Do you "seriously" think any of this makes me want to go back to Sonic? Because the only "serious business" I want to do at Sonic right now is the kind I normally reserve for the toilet.
Sincerely,
The Angry Customer
The Response
Some three weeks after sending the above letter, I got this from Sonic's Investor Relations Department:
Hello, Angry.
We would like to thank you for taking the time to bring this matter to our attention and to apologize for your inconvenience. We always strive to provide great food and drinks with quality customer service. With this being said, we wanted to reach out to let you know we care! I have forwarded your concerns to our customer service department (telephone number (866) 657-6642) as well so we may resolve this issue for you.
Wishing you a super SONIC "Tot" Day!
thx - Rj
Renée J****** Investor Relations Sonic America's Drive-In
No, thx you, Renée! So she's passed things on to customer service, and a couple more weeks later, I get another email:
Dear Angry Customer:
We are very sorry that your 06/07/2012 visit to the Sonic Drive-In in Austin, Texas did not live up to expectations and are grateful to you for telling us about it. If people like you did not bring these matters to our attention, we would never be able to fix them. We have forwarded your comments to the appropriate drive-in supervisor for the location that you visited. If you have any further concerns in the future, please share them with us. Our goal is to continuously improve the Sonic Drive-In experience and to keep you as regular guest.
Sincerely,
Sonic Drive-In
Customer Service Manager
Replies to this email address are not monitored. Should you need to contact us again, please call 1-866-OK-SONIC and provide the report number in the subject line above.

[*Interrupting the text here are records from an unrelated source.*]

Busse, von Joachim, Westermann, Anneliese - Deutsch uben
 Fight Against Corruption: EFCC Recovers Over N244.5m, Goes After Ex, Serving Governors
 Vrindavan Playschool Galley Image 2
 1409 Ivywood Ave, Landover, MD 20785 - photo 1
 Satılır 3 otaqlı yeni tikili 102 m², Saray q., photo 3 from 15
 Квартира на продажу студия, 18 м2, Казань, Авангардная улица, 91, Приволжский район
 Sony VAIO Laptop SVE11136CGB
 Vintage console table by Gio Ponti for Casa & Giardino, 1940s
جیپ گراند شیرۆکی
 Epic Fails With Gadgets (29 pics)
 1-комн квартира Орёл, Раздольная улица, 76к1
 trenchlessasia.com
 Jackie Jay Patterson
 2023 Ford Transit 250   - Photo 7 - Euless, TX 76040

I tried a different approach with this letter, actually asking for remuneration. Unfortunately, this was the end of my communication with Sonic, as the "drive-in supervisor" didn't get back to me. Guess it's time for a recap.
The Verdict
Severity of the Offense: 7/10
Let's see...overcharging, bad food, and terrible customer service? Pretty much nailed the "bad customer experience" hat trick there.
Corporate Care Level: 3/10
This is a letter that didn't need to happen. I voiced my displeasure at the time of the incident, giving Sonic an opportunity to make things right. They got a second chance with my letter. Think I'm feeling valued as a customer?
Adequacy of Response: 4/10
Ordinarily, I'd be ecstatic that I actually got two responses from real human beings. However, as I mentioned before, I was fairly specific about what I wanted from this letter; if you rip me off, I expect my money back, at least. A "thanks for sharing" email isn't going to cut it.
Overall: 3/10
It's sad that this is an example of one of the more satisfactory exchanges I've had with a company. And still, it falls way short of what I expect as a paying customer. I won't be doing any more business with Sonic.